It was in the period after 1956 that several important agricultural development policies came to be introduced; in other words, it was a break-away from the earlier policy of land settlement in the dry zone, and the need to transform of the agrarian relations in the rural sector and the need to grow more food influenced the shift in the agricultural policy. The Paddy Lands Act of 1958 was introduced with a view to radically altering the agrarian relations in the rural economy of Sri Lanka, and it sought to ensure greater security to the tenant farmer, and secondly it intended to ensure that all paddy land are cultivated. Similarly, the Land Reform Law of 1972 was the next important piece of legislation with which a ceiling was imposed on the ownership of land. An equally important Productivity Law was introduced with a view to enhancing the productivity of agricultural land.

In 1977 the agricultural development policy focused on the accelerated Mahaweli Development Programme. These were landmarks as far as the agricultural policy of the country was concerned, and they, though made a vital contribution to the development of the country, failed to guide the evolution of a dynamic sustainable agricultural policy which could address the issues of poverty as well as the production of enough food for the growing population. Though several policy changes were made in the last several decades, the island’s agricultural sector has failed to produce enough food locally, resulting in the importation of food, which, annually, cost the nation nearly Rs.60 billion.

It was true that Sri Lanka was able to escape the recent world food crisis; it, however, came to be revealed that the food security situation was not at all good. Now the Government, with the avowed enthusiasm of the Minister of Agriculture and Agrarian Services, Mr. Maithirpala Sirisena, has launched a massive ‘Grow More Food’ campaign, the aim of which is to encourage people to cultivate every inch of land available, and it is only through such a concerted effort and a dynamic policy that the country can emerge out of a similar crisis in the future. It is in this context that this Symposium becomes important and relevant, and it, above all, gives Universities an opportunity to get involved in the development and planning of agriculture through both advice on public policy and through the production of professionals in the field of agriculture science. Already an institution has been created for this purpose; I refer to the Sri Lanka Council for Agricultural Research Policy, with which academics are involved, and this amply demonstrates the importance we attach to the need for cooperation between the policy- maker and the researcher in the relevant field.

In the past, the Sri Lankan Universities, as centres of learning and research, were not given much of an opportunity to get involved in public policy planning; the strategy of the present Government is to make use of the country’s intellectual community of the Universities to assist in the formulation of relevant public policies. Today an effective partnership between the Government and the Universities has been established, and this is of fundamental importance for both the Universities and the Government as it is through this partnership that research in the Universities could be developed for the betterment of the country. In order to promote high quality research in the Universities, the following characteristics need to be fulfilled by a University. They are as follows:-

1. High quality faculty committed to research and teaching;

2. High quality graduates students who want to learn to perform;

3. An intellectual climate that encourages research and scholarship;

4. Facilities for both research and teaching;

5. Research funding;

6. An effective infra-structure for research;

7. High quality leadership which can motivate both teaching and research.

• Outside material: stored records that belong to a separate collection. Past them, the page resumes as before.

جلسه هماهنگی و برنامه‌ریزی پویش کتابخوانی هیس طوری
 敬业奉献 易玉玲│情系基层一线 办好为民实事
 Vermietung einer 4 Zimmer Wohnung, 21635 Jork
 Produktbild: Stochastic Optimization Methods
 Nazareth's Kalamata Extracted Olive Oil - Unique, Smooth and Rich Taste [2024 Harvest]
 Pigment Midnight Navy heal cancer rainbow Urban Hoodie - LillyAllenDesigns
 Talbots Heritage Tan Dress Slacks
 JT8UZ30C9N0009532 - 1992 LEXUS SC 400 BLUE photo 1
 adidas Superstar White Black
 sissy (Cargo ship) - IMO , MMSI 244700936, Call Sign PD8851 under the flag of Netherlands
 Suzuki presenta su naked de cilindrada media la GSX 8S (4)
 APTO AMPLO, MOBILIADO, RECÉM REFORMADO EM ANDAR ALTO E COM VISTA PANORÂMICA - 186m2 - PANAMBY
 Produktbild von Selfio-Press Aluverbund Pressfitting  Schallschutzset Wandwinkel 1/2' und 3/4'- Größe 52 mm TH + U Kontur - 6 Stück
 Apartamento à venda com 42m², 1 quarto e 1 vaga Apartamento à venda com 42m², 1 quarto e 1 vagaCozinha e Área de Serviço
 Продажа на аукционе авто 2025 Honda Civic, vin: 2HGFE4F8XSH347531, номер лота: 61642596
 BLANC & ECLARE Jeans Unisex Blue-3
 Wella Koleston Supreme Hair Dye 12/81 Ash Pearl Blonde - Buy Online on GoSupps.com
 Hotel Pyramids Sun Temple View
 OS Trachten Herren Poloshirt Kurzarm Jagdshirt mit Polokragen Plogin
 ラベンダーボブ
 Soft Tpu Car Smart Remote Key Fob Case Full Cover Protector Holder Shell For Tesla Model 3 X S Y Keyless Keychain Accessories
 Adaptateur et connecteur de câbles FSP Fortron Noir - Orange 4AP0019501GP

The proper role of the University in a knowledge economy has become increasingly controversial; this controversy involves both research and teaching while there is consensus on the role of the University in disseminating knowledge through the teaching function; there are disagreements over the manner in which knowledge is generated. The question is whether the relevant knowledge is generated through research. As I mentioned earlier, the need for rapid agricultural development in Sri Lanka is a national need of immediate importance, and it, therefore, needs a set of immediately relevant policies and the initiative for such policies could emanate from the Universities. It is now accepted that research productivity is fundamental in establishing a University as a prominent institution, and the formulation of public policy has also become increasingly dependent on their research productivity.

We in Sri Lanka need to remember one important principle. The solving of local problems through local means must be holistically considered, this is what we need to emphasize; technological knowledge alone is not sufficient. One has to understand the people and the environment, and then only priority-areas could be identified through an understanding of the relevant factors in that specific area. Local problems cannot be solved by solutions imposed from elsewhere, and this is why research needs to be done with a relevance. In the sphere of agricultural policy, policy and system research are essential, and it needs to be conducted by professionally - qualified persons. One type of essential research is that which supports public policy formulation; we know that effective and sustainable policies, specially in the field of agriculture, requires comprehensive and inclusive information. For instance, in the thirties and forties and even in early fifties, agricultural statistical information was lacking and this interfered with policy formulation. Since independence, the country has developed a system for the collection of economic and social statistics and this means that vital data is now readily available.

The knowledge derived from appropriate research is an essential element in national policy formulation; in the era of the knowledge-driven economy, knowledge based public policy formulation is fundamentally important. For instance, in the Sri Lanka’s agricultural sector, the small-holders are a majority, and this applies equally to both the plantation sector and the traditional sector.

According to the Census of Agriculture conducted in 2002, there were about 3.3 million holdings in the category of small-holdings, out of which 1.5 million was enumerated in the category of less than 40 perches in extent. The remaining 1.8 million was found to be more than 40 perches. Small-holdings, basically, are the holdings below 20 acres in extent. Therefore, ours is a growing small-holders economy, which in my view, needs special attention and special policies in order to make them to grow more food or to make use of the holdings more effectively. Suitable technologies are necessary to increase the productivity in the small-holdings, and it is this aspect of our rural economy that needs new policies and strategies. In all the developing countries, agricultural productivity improvement have been linked to investment in Research and Development (R & D), and it was this kind of investment which resulted in faster agricultural growth in the developing countries and it stood at 2.6 percent in 2004.

The developing countries, according to the World Development Report of the World Bank, accounted for an impressive 79 percent overall agricultural growth, and their share of the world agricultural GDP rose from 56 percent in 1980 to 65 percent in 2004. The economic transformation that is now taking place in Asia is primarily due to agricultural growth; it was not due to the expansion of land areas under cultivation but due to the increase in productivity. In the sphere of agriculture, Sri Lanka has the resources and the country, at this stage of her development, needs relevant agricultural development policies and this Symposium, which we are inaugurating today on the occasion of the 30th anniversary of the Faculty of Agriculture of the University of Ruhuna, is certain to provide the required advice and guidance to the policy-makers so that Sri Lanka, under this regime led by His Excellency Mr. Mahinda Rajapaksa, can formulate a dynamic and sustainable agricultural development policy for the economic development of the country.